▸ **PROVIDED DATA**
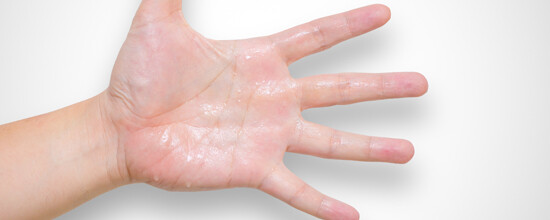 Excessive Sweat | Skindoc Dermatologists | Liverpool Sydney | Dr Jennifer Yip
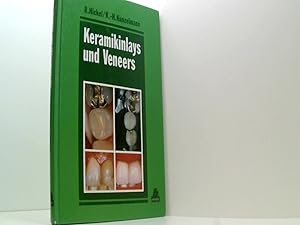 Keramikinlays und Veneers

...

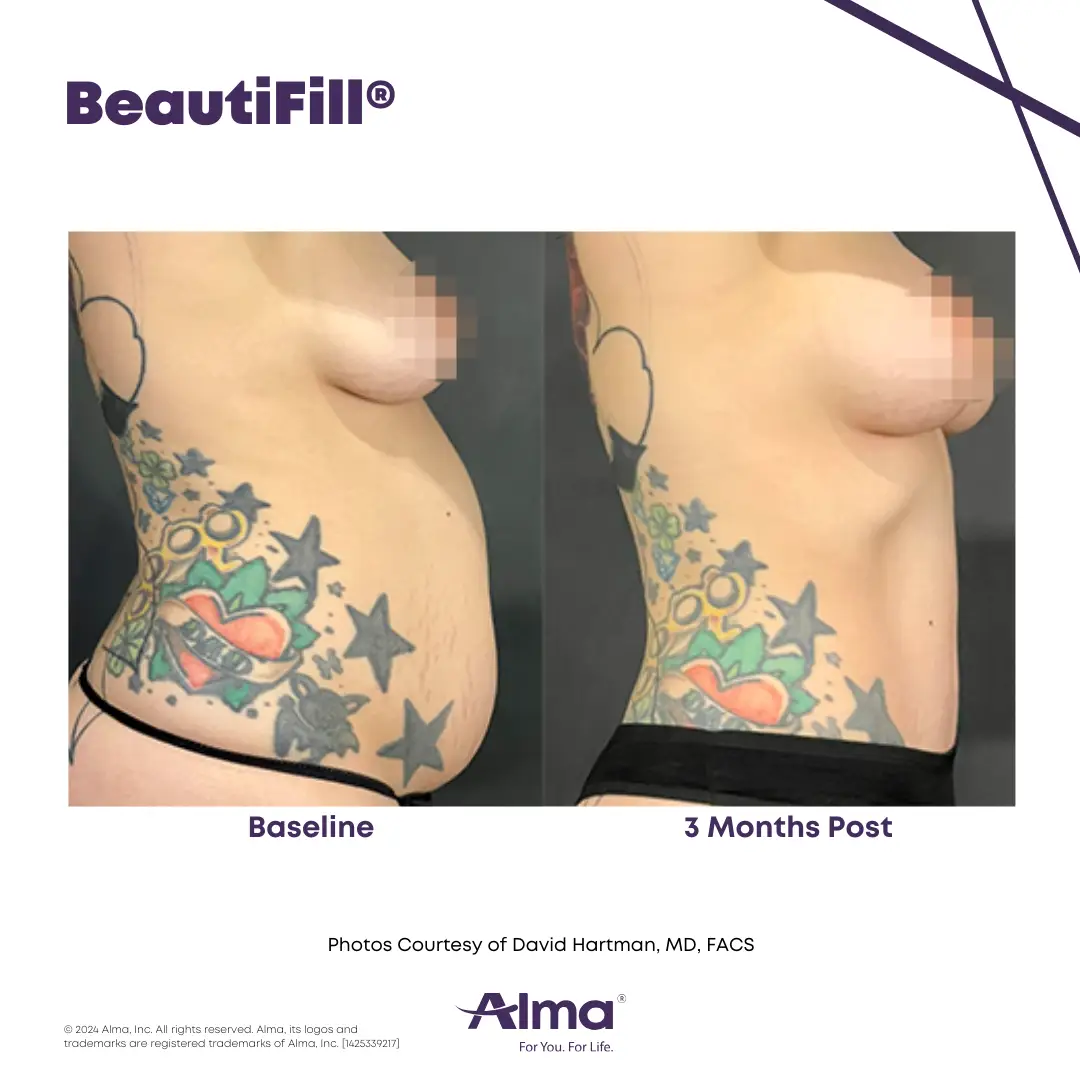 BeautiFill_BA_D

▸ **WORK INSTRUCTIONS**
Start with the line with "Excessive Sweat |" in the listing above and stop after the line with "Keramikinlays und Veneers". Write out exactly the lines in that stretch and no others, without pictures.

▸ **REPLY TO THE TASK**
 Excessive Sweat | Skindoc Dermatologists | Liverpool Sydney | Dr Jennifer Yip
 Keramikinlays und Veneers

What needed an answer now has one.